In this image reviewed by the U.S. military, the entrance to Camp VI detention facility is guarded at Guantanamo Bay Naval Base, Cuba, Wednesday, Nov. 20, 2013.

In this image reviewed by the U.S. military, the entrance to Camp VI detention facility is guarded at Guantanamo Bay Naval Base, Cuba, Wednesday, Nov. 20, 2013. AP Photo/Charles Dharapak

After Guantanamo, Two Detainees Try To Put Their Lives Back Together in Ghana

Here’s how the Yemeni men are being treated and what they say about their long incarceration.

Two Yemenis who were held for over a decade at the controversial US naval base in Cuba’s Guantanamo Bay have arrived in Ghana to restart their lives.

The two men, Mahmud Umar Muhammad bin Atef and Khalid Muhammad Salih al-Dhuby, are among 17 detainees who were to be released this month, as part of US president Barack Obama’s plan to close the detention center by 2017. Bin Atef and al-Dhuby have been cleared for release since 2009. Obama reiterated his pledge to shut Guantanamo in his State of the Union address on Jan. 12: “It’s expensive, it’s unnecessary, and it only serves as a recruitment brochure for our enemies,” he said.

Some Ghanian citizens and Christian organizations, however, have protested about possible security risks.
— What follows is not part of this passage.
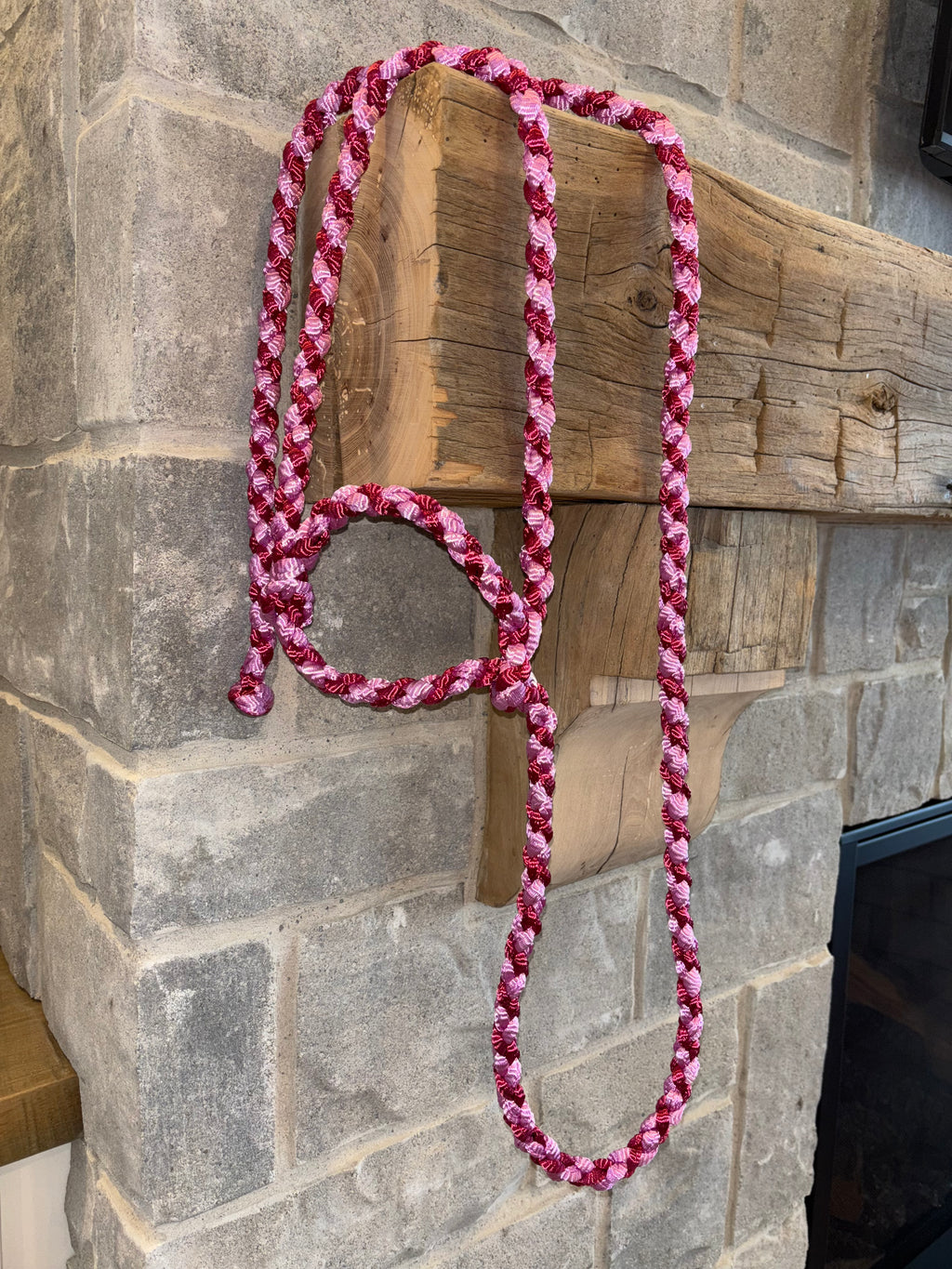 Custom Cow/Calf Halter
Ghana’s president, John Mahama, defended the decision. “Any Ghanaian is more in danger of dying from a road accident than from these Guantanamo detainees…. They just want to pick up the pieces of their lives and live normally. We don’t have anything to fear,” Mahama told reporters.

Released detainees have come to sub-Saharan Africa before when other countries would not take them. Jamal Kiyemba, a British citizen with alleged links to al-Qaeda who was released in 2006, was deported to Uganda after the UK refused to let him in. (Kiyemba was arrested in April last year over his possible involvement in the murder of a state prosecutor.) In 2010, two other released detainees were sent to Algeria and Cape Verde.
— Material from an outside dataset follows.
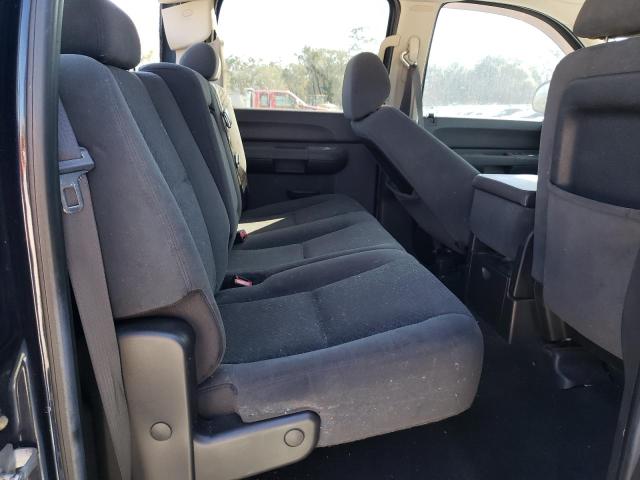 Photo 10 from auction – 2007 CHEVROLET SILVERADO with VIN 2GCEC13C971531382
Mahama said the two men will live on a secure compound, with chaperones at all times. They will be allowed to stay in Ghana for two years, after which they can return to Yemen. (For now, US officials have said they will not send released detainees back to Yemen because of the civil war there.)
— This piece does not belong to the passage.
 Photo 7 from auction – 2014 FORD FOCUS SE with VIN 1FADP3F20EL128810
Mahama said Ghana had received no money, but that the country would receive intelligence from the US about potential security threats. The West African country is stable, but concerned about its proximity to the militant group Boko Haram in Nigeria.

US government documents published by Wikileaks classified al-Dhuby as “medium risk” and bin Atef as “high risk,” but didn’t pin any specific crimes or attacks on them. Al-Dhuby, born in 1981 in Saudi Arabia, was a “probable member” of al-Qaeda and had traveled to Afghanistan to fight, according to the documents, while bin Atef, born in 1979 also in Saudi Arabia, was an “admitted member” of the Taliban who underwent training in al-Qaida camps in Afghanistan. His lawyer described bin Atef as a “smart bright young man” who wants to start a family and find stable work.

Bin Atef thanked the country for taking them in.”We have been wrongly arrested for 14 years without any charge against us and we have suffered,” he told Ghana Broadcasting Corp (paywall) on Jan. 12th. “We are not looking for revenge because we are not bitter. We want to live in Ghana quietly and peacefully and we want to put our life together,” he said.